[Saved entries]

┌────────

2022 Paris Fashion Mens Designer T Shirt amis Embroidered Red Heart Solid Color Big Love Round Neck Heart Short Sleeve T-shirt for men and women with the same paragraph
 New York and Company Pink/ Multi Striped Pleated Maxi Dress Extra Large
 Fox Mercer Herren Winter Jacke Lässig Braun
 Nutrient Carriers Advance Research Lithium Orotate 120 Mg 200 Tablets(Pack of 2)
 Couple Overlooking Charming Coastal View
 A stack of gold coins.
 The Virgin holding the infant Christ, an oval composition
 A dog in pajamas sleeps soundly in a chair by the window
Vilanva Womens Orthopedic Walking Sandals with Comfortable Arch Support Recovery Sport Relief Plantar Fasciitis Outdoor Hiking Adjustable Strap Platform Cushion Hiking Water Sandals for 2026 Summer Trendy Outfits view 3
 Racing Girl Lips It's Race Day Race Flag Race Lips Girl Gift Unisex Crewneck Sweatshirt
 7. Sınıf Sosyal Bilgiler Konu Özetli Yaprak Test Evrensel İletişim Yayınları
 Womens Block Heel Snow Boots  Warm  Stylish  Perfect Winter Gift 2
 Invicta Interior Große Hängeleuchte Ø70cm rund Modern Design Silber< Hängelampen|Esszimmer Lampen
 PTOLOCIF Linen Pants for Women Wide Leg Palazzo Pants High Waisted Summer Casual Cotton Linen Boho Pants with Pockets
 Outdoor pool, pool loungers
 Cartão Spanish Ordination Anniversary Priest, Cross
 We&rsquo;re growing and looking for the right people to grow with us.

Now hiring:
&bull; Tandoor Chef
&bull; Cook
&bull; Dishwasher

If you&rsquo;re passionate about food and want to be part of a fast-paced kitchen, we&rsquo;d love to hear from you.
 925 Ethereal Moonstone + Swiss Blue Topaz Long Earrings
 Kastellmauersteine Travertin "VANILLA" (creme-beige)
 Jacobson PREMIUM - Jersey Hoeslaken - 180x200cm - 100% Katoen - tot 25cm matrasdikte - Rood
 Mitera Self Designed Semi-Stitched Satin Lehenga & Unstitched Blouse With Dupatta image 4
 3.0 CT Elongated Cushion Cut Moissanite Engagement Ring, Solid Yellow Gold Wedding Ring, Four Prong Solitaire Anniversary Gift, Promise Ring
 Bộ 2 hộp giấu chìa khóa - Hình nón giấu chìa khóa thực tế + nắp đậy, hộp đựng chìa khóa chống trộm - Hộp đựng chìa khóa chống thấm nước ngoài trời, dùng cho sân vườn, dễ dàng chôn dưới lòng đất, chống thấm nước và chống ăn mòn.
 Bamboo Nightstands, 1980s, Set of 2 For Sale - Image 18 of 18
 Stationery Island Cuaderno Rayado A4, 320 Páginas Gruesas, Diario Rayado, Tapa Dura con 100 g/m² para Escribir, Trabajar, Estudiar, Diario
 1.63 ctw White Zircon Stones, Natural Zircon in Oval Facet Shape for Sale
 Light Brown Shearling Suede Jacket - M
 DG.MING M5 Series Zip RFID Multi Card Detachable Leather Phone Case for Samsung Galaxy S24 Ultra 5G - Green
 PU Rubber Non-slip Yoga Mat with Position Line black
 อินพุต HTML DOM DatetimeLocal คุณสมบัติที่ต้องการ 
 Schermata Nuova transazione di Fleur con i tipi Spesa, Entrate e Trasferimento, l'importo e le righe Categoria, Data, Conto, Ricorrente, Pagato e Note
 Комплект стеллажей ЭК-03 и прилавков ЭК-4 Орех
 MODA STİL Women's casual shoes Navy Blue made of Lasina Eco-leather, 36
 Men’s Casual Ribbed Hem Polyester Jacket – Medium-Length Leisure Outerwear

└────────

> [Task to carry out]:
Would you output the lines from the one that contains "3.0 CT Elongated" to the end of the data, both ends included, exactly as they appear?

> [Solution to this problem]:
 3.0 CT Elongated Cushion Cut Moissanite Engagement Ring, Solid Yellow Gold Wedding Ring, Four Prong Solitaire Anniversary Gift, Promise Ring
 Bộ 2 hộp giấu chìa khóa - Hình nón giấu chìa khóa thực tế + nắp đậy, hộp đựng chìa khóa chống trộm - Hộp đựng chìa khóa chống thấm nước ngoài trời, dùng cho sân vườn, dễ dàng chôn dưới lòng đất, chống thấm nước và chống ăn mòn.
 Bamboo Nightstands, 1980s, Set of 2 For Sale - Image 18 of 18
 Stationery Island Cuaderno Rayado A4, 320 Páginas Gruesas, Diario Rayado, Tapa Dura con 100 g/m² para Escribir, Trabajar, Estudiar, Diario
 1.63 ctw White Zircon Stones, Natural Zircon in Oval Facet Shape for Sale
 Light Brown Shearling Suede Jacket - M
 DG.MING M5 Series Zip RFID Multi Card Detachable Leather Phone Case for Samsung Galaxy S24 Ultra 5G - Green
 PU Rubber Non-slip Yoga Mat with Position Line black
 อินพุต HTML DOM DatetimeLocal คุณสมบัติที่ต้องการ 
 Schermata Nuova transazione di Fleur con i tipi Spesa, Entrate e Trasferimento, l'importo e le righe Categoria, Data, Conto, Ricorrente, Pagato e Note
 Комплект стеллажей ЭК-03 и прилавков ЭК-4 Орех
 MODA STİL Women's casual shoes Navy Blue made of Lasina Eco-leather, 36
 Men’s Casual Ribbed Hem Polyester Jacket – Medium-Length Leisure Outerwear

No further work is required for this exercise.